= EXERCISE DETAILS =
Below are the records; copy every line in them that holds the string "Black".

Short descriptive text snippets
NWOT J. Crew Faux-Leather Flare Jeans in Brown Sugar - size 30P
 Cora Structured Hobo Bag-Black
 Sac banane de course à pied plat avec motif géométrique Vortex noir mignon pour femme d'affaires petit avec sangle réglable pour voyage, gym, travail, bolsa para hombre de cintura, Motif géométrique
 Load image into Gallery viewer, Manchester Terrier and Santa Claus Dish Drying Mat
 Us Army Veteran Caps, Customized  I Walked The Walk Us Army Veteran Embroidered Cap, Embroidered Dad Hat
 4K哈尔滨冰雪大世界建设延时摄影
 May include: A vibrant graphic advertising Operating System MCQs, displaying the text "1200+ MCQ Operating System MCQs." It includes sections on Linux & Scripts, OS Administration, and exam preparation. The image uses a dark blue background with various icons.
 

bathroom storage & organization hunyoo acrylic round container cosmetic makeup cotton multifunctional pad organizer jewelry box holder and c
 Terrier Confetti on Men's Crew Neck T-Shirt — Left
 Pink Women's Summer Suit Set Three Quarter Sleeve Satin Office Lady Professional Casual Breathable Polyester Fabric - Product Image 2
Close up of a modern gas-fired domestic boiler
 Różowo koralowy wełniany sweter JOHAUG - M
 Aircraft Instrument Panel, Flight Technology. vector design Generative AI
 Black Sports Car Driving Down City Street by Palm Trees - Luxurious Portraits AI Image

= RESPONSE TO THIS EXERCISE =
 Cora Structured Hobo Bag-Black
 Black Sports Car Driving Down City Street by Palm Trees - Luxurious Portraits AI Image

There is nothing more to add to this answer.